*** Given information Section Begins ***

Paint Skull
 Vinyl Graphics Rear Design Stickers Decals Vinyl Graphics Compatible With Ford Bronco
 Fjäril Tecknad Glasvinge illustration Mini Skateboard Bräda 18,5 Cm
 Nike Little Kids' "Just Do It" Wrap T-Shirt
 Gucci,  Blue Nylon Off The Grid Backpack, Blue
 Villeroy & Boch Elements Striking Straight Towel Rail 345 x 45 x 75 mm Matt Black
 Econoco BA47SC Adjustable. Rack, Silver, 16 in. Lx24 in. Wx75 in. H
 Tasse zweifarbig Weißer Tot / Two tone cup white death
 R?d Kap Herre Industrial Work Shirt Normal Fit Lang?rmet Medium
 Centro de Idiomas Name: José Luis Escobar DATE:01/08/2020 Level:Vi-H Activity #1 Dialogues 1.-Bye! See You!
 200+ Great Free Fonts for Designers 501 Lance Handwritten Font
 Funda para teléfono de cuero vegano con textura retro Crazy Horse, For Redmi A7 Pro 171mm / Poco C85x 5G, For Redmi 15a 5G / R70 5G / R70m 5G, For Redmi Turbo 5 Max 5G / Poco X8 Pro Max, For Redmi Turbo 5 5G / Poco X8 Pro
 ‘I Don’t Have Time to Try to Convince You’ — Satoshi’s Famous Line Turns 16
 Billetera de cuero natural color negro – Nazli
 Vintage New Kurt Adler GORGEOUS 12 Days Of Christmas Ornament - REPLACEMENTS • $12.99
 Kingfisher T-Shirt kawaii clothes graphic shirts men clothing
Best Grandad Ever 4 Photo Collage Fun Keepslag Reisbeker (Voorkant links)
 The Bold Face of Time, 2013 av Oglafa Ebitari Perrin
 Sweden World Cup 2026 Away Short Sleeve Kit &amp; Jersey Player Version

*** Given information Section Ends ***

What is being asked:
In the listing above, each line with the word "Time" is to be copied out.

Result of the exercise:
 ‘I Don’t Have Time to Try to Convince You’ — Satoshi’s Famous Line Turns 16
 The Bold Face of Time, 2013 av Oglafa Ebitari Perrin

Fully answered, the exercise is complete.